◆ **WORK TO COMPLETE**
When the line containing "Ralo Linear 80cm" is found in the data below, copy it and each line after it through the line containing "Emporio Armani Men's Leather Jacket", exactly and with no others.
*** Opening of SOURCE DATA ***
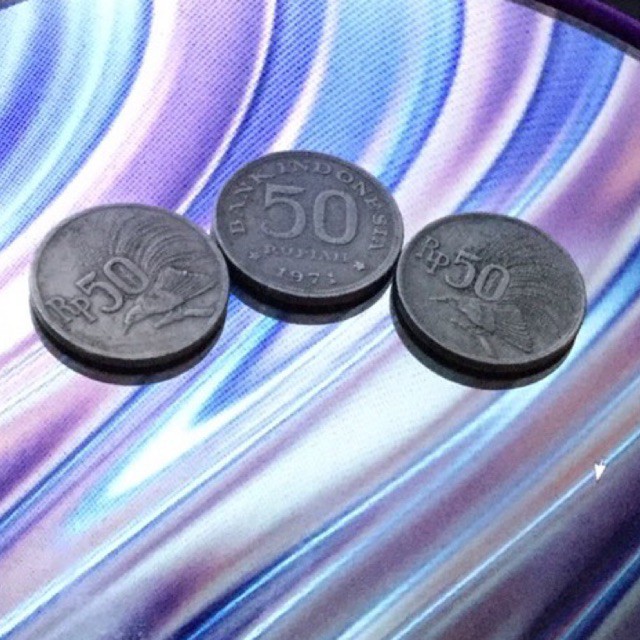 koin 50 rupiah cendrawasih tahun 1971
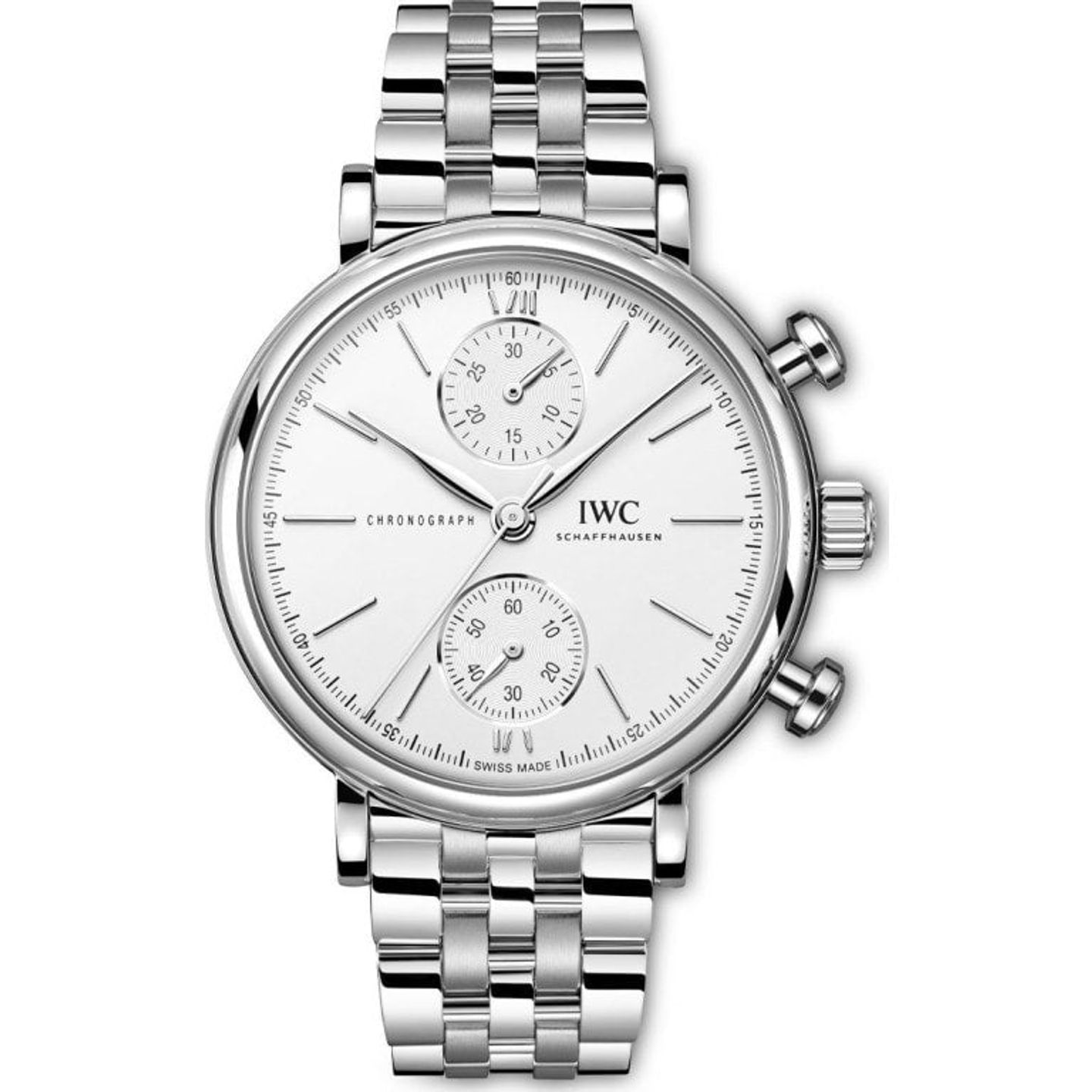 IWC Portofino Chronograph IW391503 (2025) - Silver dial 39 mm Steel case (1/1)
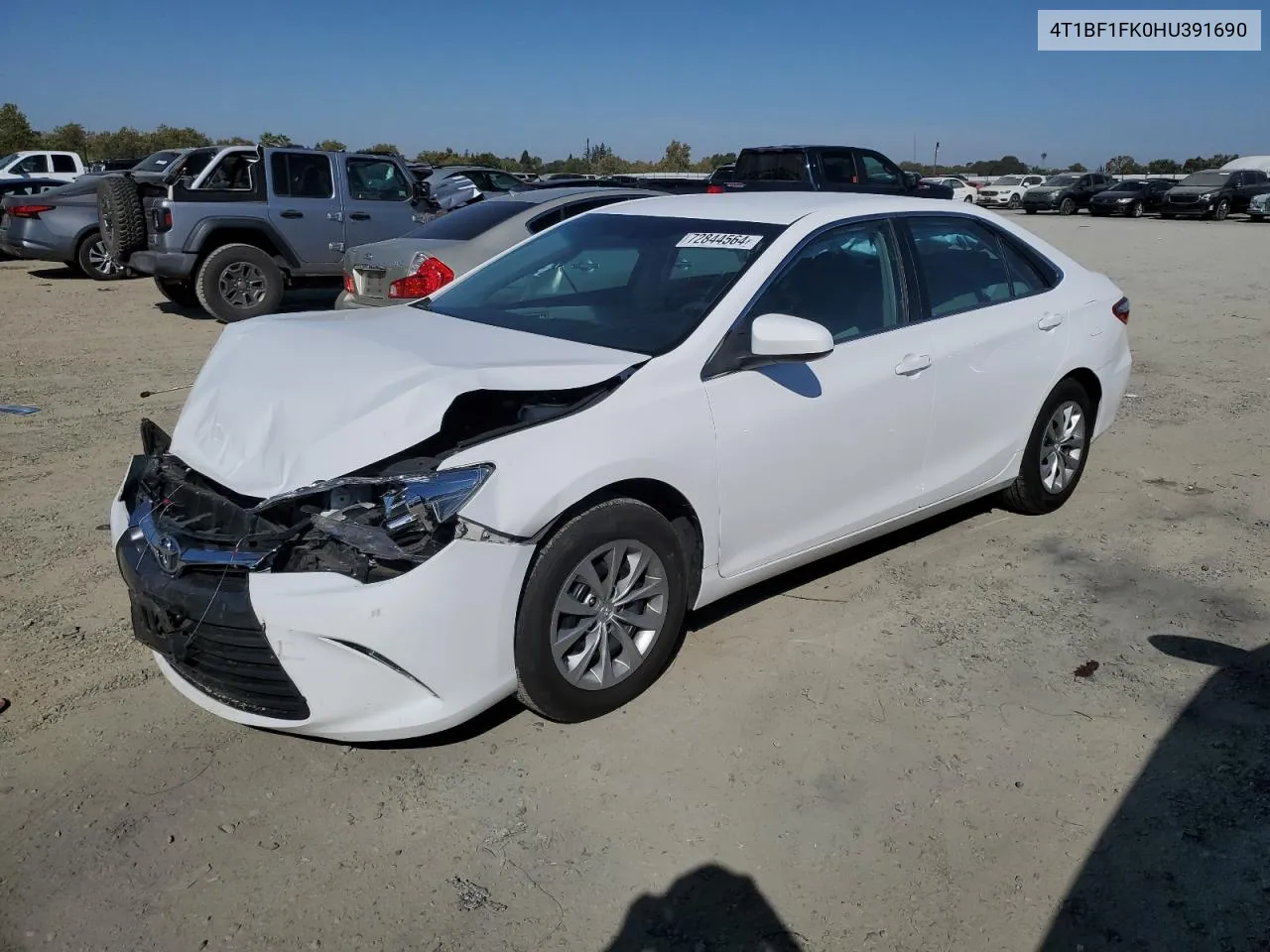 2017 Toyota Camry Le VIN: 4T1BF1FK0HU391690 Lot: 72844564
*** Close of SOURCE DATA ***
*** Opening of SOURCE DATA ***
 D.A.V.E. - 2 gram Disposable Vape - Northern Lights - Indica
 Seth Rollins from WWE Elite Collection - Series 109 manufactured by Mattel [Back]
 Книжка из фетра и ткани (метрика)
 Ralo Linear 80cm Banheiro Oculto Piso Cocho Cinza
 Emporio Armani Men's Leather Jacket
*** Close of SOURCE DATA ***
*** Opening of SOURCE DATA ***
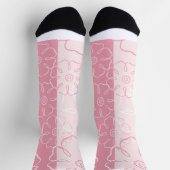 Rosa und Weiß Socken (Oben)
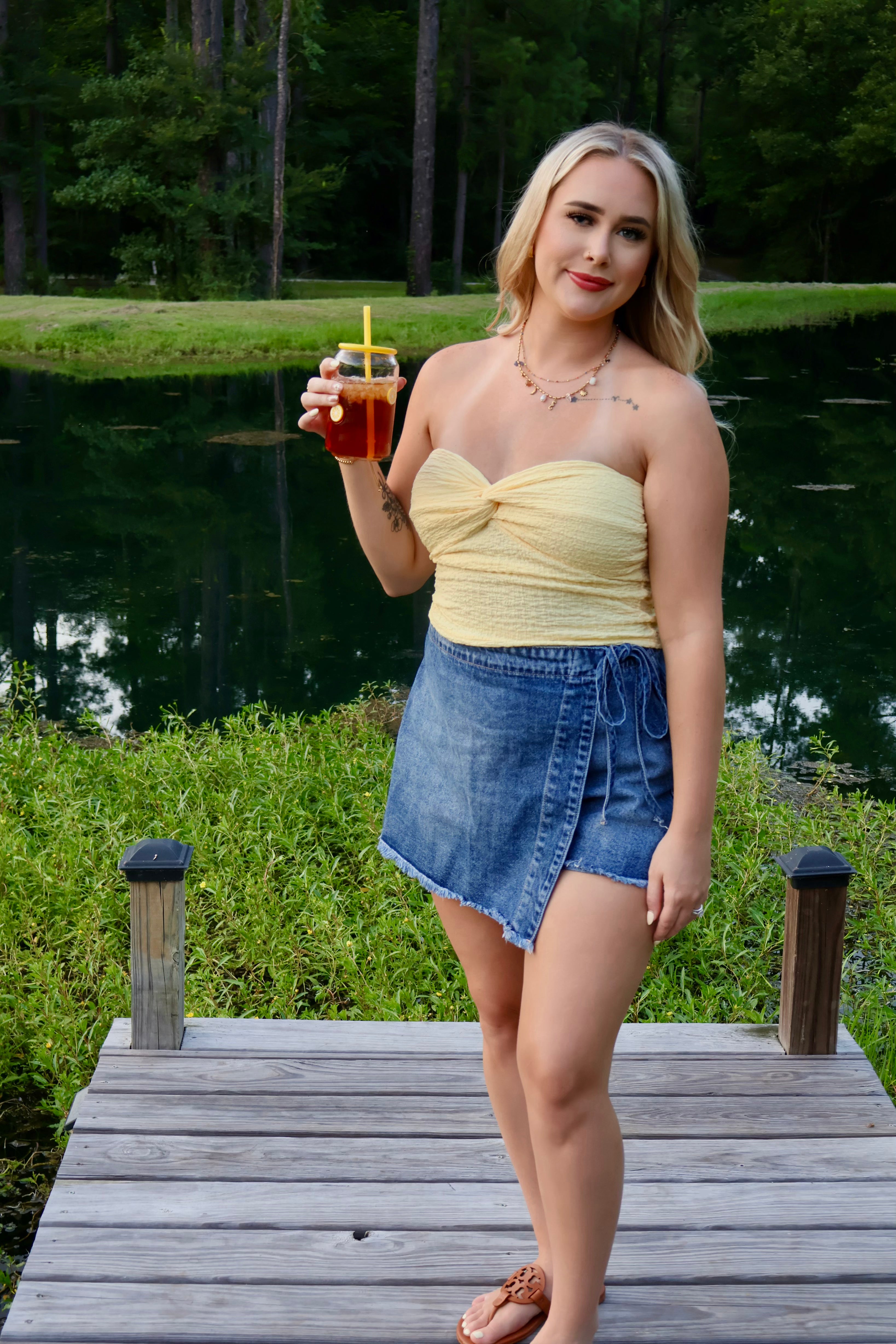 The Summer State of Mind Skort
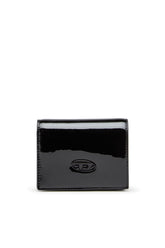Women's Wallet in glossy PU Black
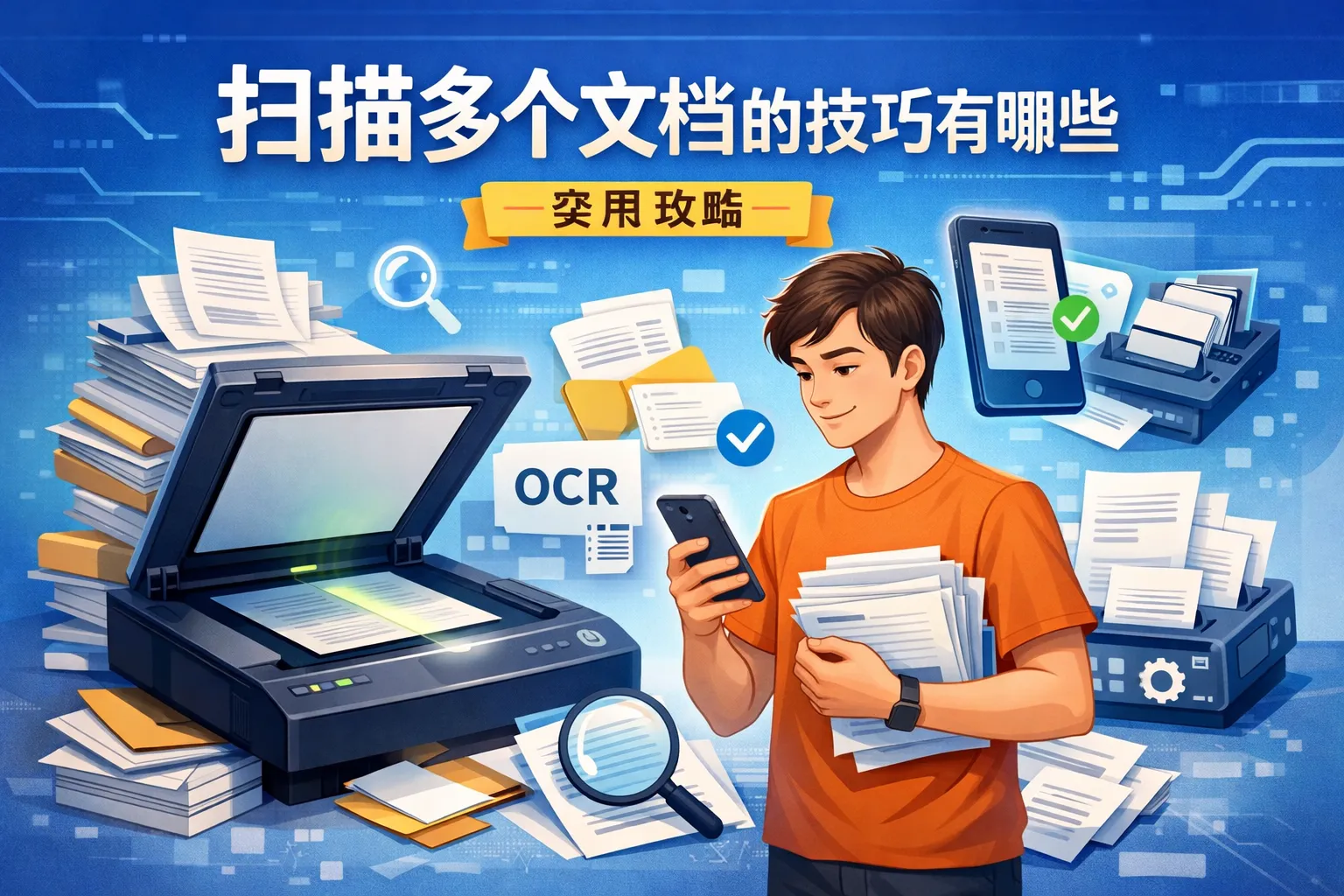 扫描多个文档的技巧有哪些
*** Close of SOURCE DATA ***
◆ **TASK OUTPUT**
 Ralo Linear 80cm Banheiro Oculto Piso Cocho Cinza
 Emporio Armani Men's Leather Jacket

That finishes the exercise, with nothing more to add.